- [YOUR GOAL] Wherever the line that contains "Mac-House(マックハウス)の「マリリン・モンロー モノクロ実写フォトプリント ルーズ半袖Tシャツ" falls, repeat it and the lines after it exactly until the records end, without any pictures.

- [DATA LISTING]
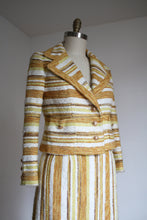 Load image into Gallery viewer, vintage 1960s tweed skirt suit {m}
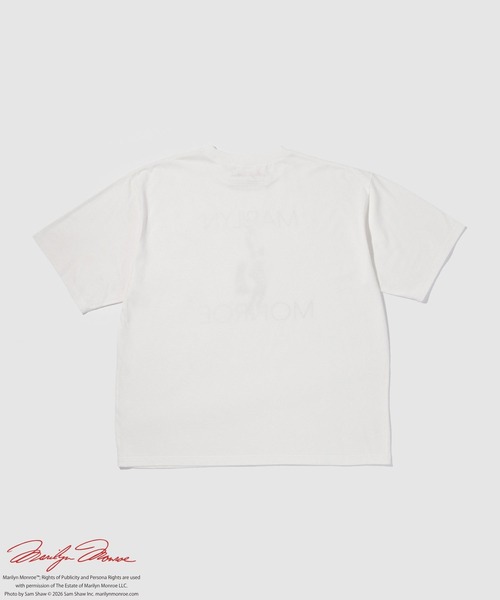 Mac-House(マックハウス)の「マリリン・モンロー モノクロ実写フォトプリント ルーズ半袖Tシャツ 通気性・吸汗性(Tシャツ/カットソー・メンズ・オフホワイト/ブラック・L/M)」の8枚目の写真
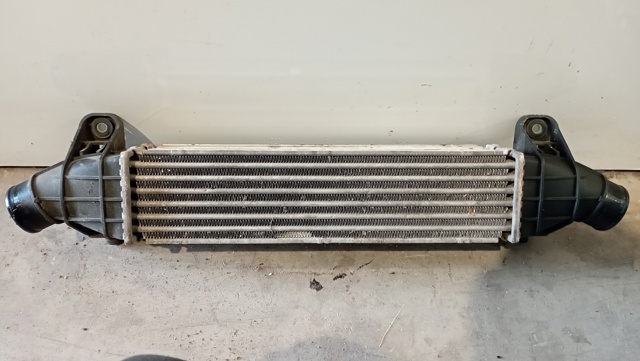 868963A Ford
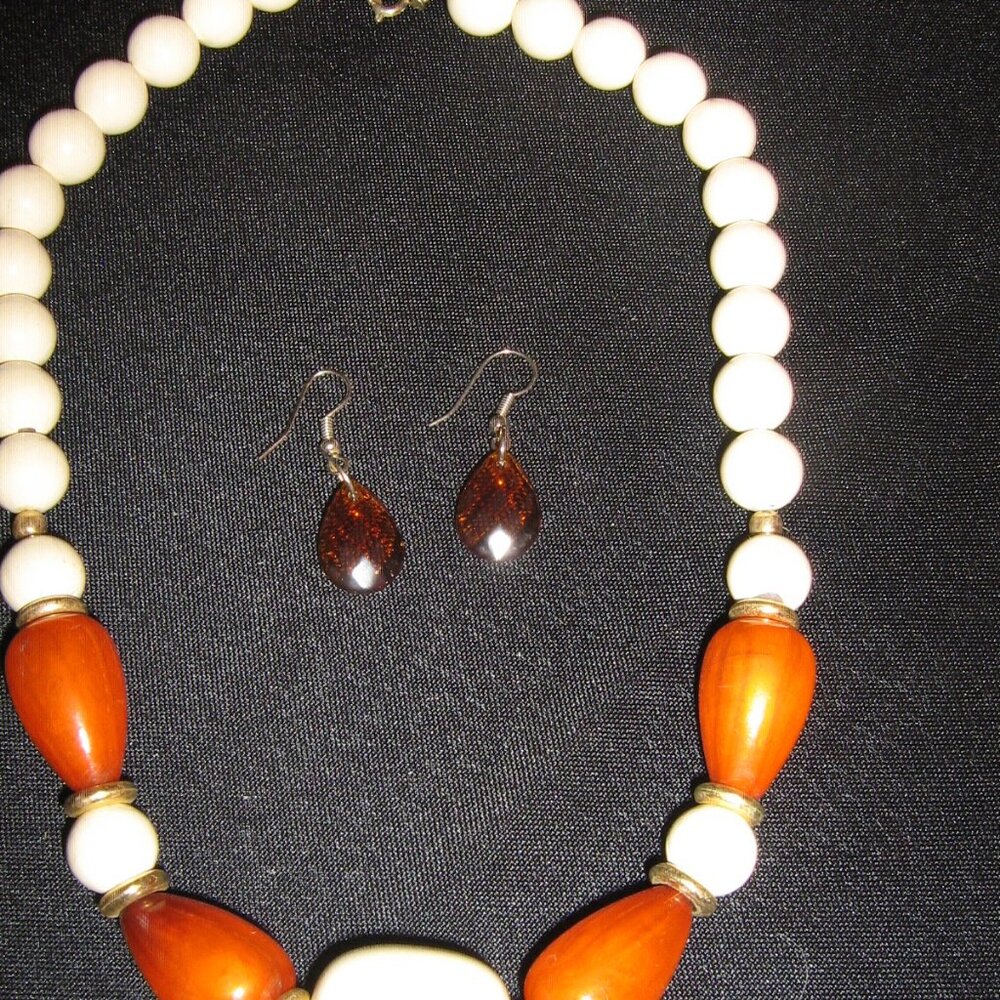 Ladies Necklace And Earrings Vintage. $5.00 AS AN ADD ON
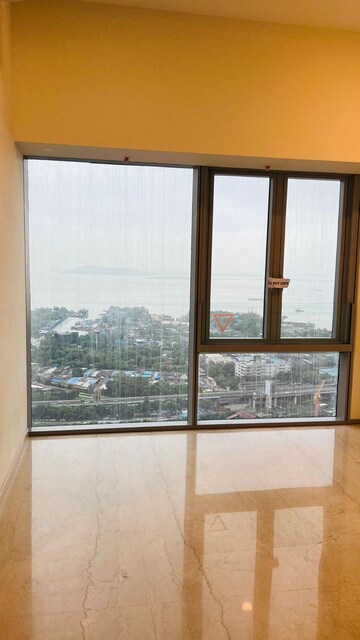 Room in 2 BHK Apartment at Piramal Aranya, Byculla – for Rent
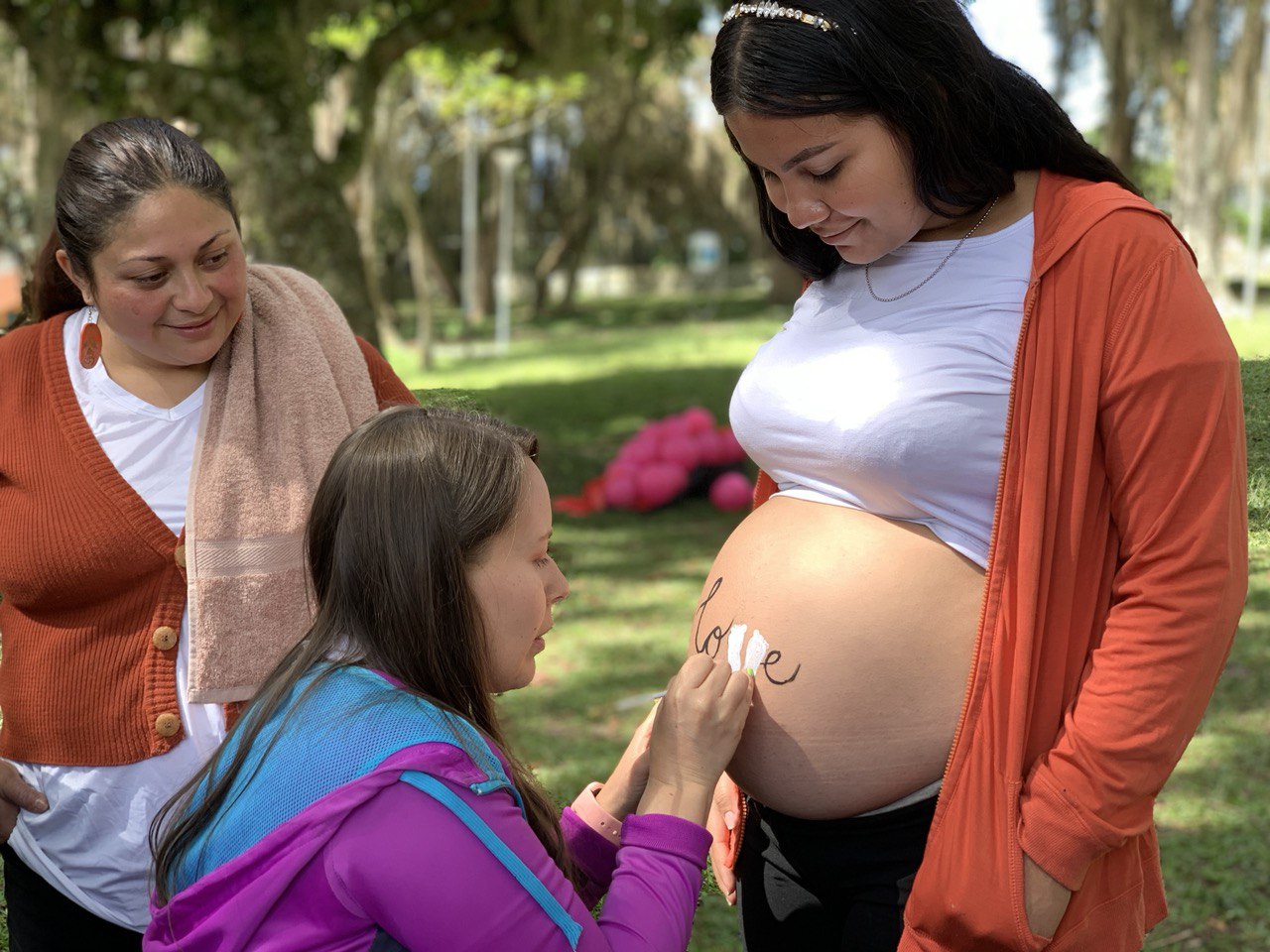 photo_5172639688685628149_y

- [EXERCISE RESPONSE]
 Mac-House(マックハウス)の「マリリン・モンロー モノクロ実写フォトプリント ルーズ半袖Tシャツ 通気性・吸汗性(Tシャツ/カットソー・メンズ・オフホワイト/ブラック・L/M)」の8枚目の写真
 868963A Ford
 Ladies Necklace And Earrings Vintage. $5.00 AS AN ADD ON
 Room in 2 BHK Apartment at Piramal Aranya, Byculla – for Rent
 photo_5172639688685628149_y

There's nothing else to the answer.